ナイハーンビーチに到着したのが14:00ごろ。運転手に聞いたらナイハーンからの帰りのソンテウの最終便は思ってたよりも早く、16:00が最終らしい。これに乗らないと2000円近く払ってタクシーで帰らないといけなくなるので大変。せっかく来たがビーチに二時間しかいられない。誤算。


ちょっとだけ泳いで、あとはビール一本と読書(iPadで萩原朔太郎の「詩の原理」)で15:40まで過ごし、ソンテウ乗り場へ。


しかし、ソンテウ乗り場に、ソンテウがいない。

嫌な予感がして近くで客待ちをしてた2人のタクシー運転手に聞くと、嫌な予感的中、最終のソンテウはもう出発したという。。。。


時計をみる。15:50。最終のソンテウが発車する予定時刻の10分前だ。もう行ってしまったのか。


ふざけんなよおい、と思いながらも、怒っても何も解決しないので、さてどうしようかと冷静になって考える。


目の前には客待ちのタクシー、とりあえずプーケットタウン(ホテルの所在地)までいくらかと聞くと、500バーツだと。
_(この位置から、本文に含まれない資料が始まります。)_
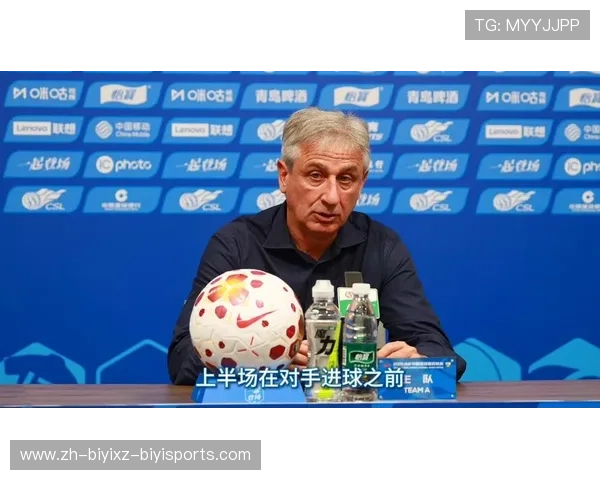 权威发布6怡宝冠名中超第5轮裁判人员选派及具体安排解析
やはり高い。ソンテウの10倍以上だ。これは払いたくない。


じゃあどうしようと考えていると、2人の運転手のうち、どうやら一人はバイクタクシーの運転手らしいということに気づいて、ここで僕はひらめく。これに乗って追いかければソンテウに追いつくのではないかと。そしてジェスチャーを交えて言う。「プリーズチェイスザソンテウ!」と。バイクタクシーの運転手はすぐに意図を理解してくれた。しかもちょっと楽しそう。しっかり掴まってろよ、的なことを言ってくる。その前にいくらかと聞くと、60バーツだと。急に安いなおい。決まりだ。


そしてバイク(中型)にニケツでソンテウチェイス開始。結構飛ばしてくれてる。怖い。帽子が風で飛びそうだが手を離すと自分がバイクから落ちてしまいそうなので首を捻って帽子にかかる風圧を逃がす。ていうか俺だけノーヘルじゃねえか。大丈夫かおい。しかしスリリングで楽しい。


とかなんとか思いながらも楽しく走ること5kmほど(体感)、見事ソンテウに追いつくことに成功。バイクの運ちゃんがクラクションを鳴らしてソンテウを止めてくれた。


運転手のおっちゃんにお礼として料金の60バーツプラスチップとして10バーツ支払い、ソンテウに乗り込んだ。おっちゃんがぼくを指差しながらソンテウドライバーに何か言ってる。「あんたがあいつ(僕)をおいていっちゃったからバイクで追いかけて来たんだよ」的なことを言ってるのだろう。バイクの運ちゃんなんか楽しそうだ。おれも楽しかったし、ソンテウにおいてかれて結果的には良かったな。


無事ソンテウに乗り込み、30バーツでホテル付近に到着。しかし良かったわ追いついて。


一度ホテルに戻り、共同の洗面所で海パンを洗濯してベランダに干して、夕食を食べに外出。最近朝晩二食が基本形になってる。意外と体調が良い。日本に帰ってからもこうしようかな。


夕食はちょっときれいめなタイフードレストランで。パイナップルとチキンのチャーハン(60バーツ)とトムカーカイ(100バーツ)というスープを注文。パイナップルチャーハンは薄味の鶏ガラチャーハンにパイナップルをいれちゃいましたって感じの味。トムカーカイは白いスープ(多分ココナッツミルクの色)で、タイスープ特有の酸味と辛味がしっかりあって、メインの具は鳥肉。あとは生姜も大量に入ってた。多分両方とも好みが別れる味だが、僕は両方うまいと思った。


飯を食い終わって、セブンイレブンでバカルディブリーザーライム(53バーツ)を購入し、ホテルへ戻った。そしてベランダでそれを飲みながらここまで書きました。20:32。


あと今日はちょっと気分が乗ってるので、この数日頭から離れないことを書きのこしておく。


仕事でも恋愛でも趣味でも何でもそうだけど、もしかしたらこれちょっと好きかもしれないと思うことに出会ったなら、その時にそのタイミングでちゃんとそれに向き合うってのはすごい大事だなと。

そのタイミングじゃなきゃダメだっていうのは、やっぱ興味が向いてる時にそのフィールドで成功体験をするからこそ好きだっていう気持ちが勢いよく増幅されるわけで、そのタイミングを逸してしまってからいくら成功を重ねても、感じられる楽しさやそれを好きだと思う気持ちはそこまで増幅しないだろうから。

だから、そういうものに出会った時にいつでも動けるように、膝を柔らかくしとかにゃいかん。もう26歳。昔に比べるとだいぶ好奇心が騒ぎにくくなってきてるから、なおさら意識的に。


明日はサムイ島まで8時間の移動。早く寝よう。